We are now in the position of comparing rural and urban locations. There are many ways of framing this. We can for instance compare literacy rates in the city of Zaragoza against all the other locations. Let’s go a little beyond that a classify each locations according to different sizes, so we can compute literacy rates for different groups. Within mutate() we use case_when() here but we could have also used cut().¹⁸

¹⁸ Using the following: mutate(size = cut(pop, breaks = c(0, 250, 1000, 5000, Inf))).

Show code

munic |>
  mutate(size = case_when(
      pop < 250 ~ "Very small (<250)",
      pop < 1000 ~ "Small (250-1,000)",
      pop < 5000 ~ "Medium (1,000-5,000)",
      pop >= 5000 ~ "Large (>5,000)")) |>
  group_by(size) |>
  summarise(lit = mean(lit, na.rm = TRUE))

# A tibble: 4 × 2
  size                   lit
  <chr>                <dbl>
1 Large (>5,000)        32.6
2 Medium (1,000-5,000)  16.2
3 Small (250-1,000)     14.7
4 Very small (<250)     11.7

Zaragoza, the only location above 5,000 inhabitants, enjoyed significantly higher literacy rates. The differences between the other locations are much smaller but it seems that the smallest villages suffered an additional penalty.¹⁹

¹⁹ Note though that we did not distinguish by sex above. Including sex in the group_by() function would make the trick and provide and more granular result.

²⁰ As indicated above, the package patchwork allows plotting the two objects (or more) together. Note that, in the first plot, we have removed the title of the legend and situated it within the graph. Given that having the same legend in the second might be redundant and take up space, we have removed it altogether.

Another way of looking into this is to plot all available information using a scatter plot. This involves taking the object munic containing the information on population and literacy and defines those two fields as those depicted in the x- and y- axes. Indicating also to represent the different categories in the field sex with different colours (col = sex) allows depicting male and female literacy rates simultaneously. Given that the capital is so much bigger than the rest, having it in the visualisation prevents having a better sense of the variation in the other locations.
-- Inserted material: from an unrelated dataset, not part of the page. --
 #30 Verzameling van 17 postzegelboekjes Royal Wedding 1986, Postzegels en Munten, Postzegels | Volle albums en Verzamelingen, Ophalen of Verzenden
I am therefore creating two graphs, including and excluding the capital city, to account for this.²⁰

Show code

g1 <- munic |>
  ggplot(aes(x = pop, y = lit, col = sex)) +
  geom_point() +
  labs(col = NULL) + 
  theme(legend.position = c(0.6, 0.8)) 

g2 <- munic |>
  filter(settlement!="ZARAGOZA") |>
  ggplot(aes(x = pop, y = lit, col = sex)) +
  geom_point() +
  theme(legend.position = "none")

g1 + g2

It is clear that the city of Zaragoza enjoyed higher literacy rates for both males and females. It also seems larger villages also tend to have higher literacy than smaller ones but this is less clear from the graph above.²¹

²¹ We don’t cover it here but we could be much more precise about this if we measured the correlation between these two variables: population and literacy.

²² Note that we compute the total population before filtering. Otherwise, the number of observations in each location will be much smaller: it would be just those aged 16-50 and classified as “Farmer”
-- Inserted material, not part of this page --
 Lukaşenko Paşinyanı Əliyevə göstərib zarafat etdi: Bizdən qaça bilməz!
We should also bear in mind that rural and urban locations may differ in their socio-economic structures, so literacy rates may not only reflect a “rural” dimension but the fact that these locations are different in terms of the relative number of children and elderly population, the type of occupations, and so on. We could try to narrow down the analysis to compare more homogeneous groups and therefore shed more light on the “rural” factor. We therefore replicate the above but focusing only on a relatively homogeneous group: individuals aged 16-50 classified as belonging to the “Farmer” socio-economic status (we could obviously try to narrow this down even further but this suffices as an illustration). Instead of a table, the results are now presented as a bar plot.²².

Show code

data |>
  group_by(settlement) |>
  mutate(pop = n()) |>
  mutate(size = case_when(
      pop < 250 ~ "Very small (<250)",
      pop < 1000 ~ "Small (250-1,000)",
      pop < 5000 ~ "Medium (1,000-5,000)",
      pop >= 5000 ~ "Large (>5,000)")) |>
  filter(age>=16 & age<=50 & ses=="Farmer") |>  
  group_by(size, sex) |>
  summarise(lit = mean(d_write, na.rm = TRUE)) |>
  mutate(size = reorder(size, desc(lit))) |>
  ggplot(aes(x = size, y = lit, fill = sex)) +
  geom_col(position = "dodge2") +
  coord_flip() + 
  labs(x = "Settlement size", y = "Literacy rate")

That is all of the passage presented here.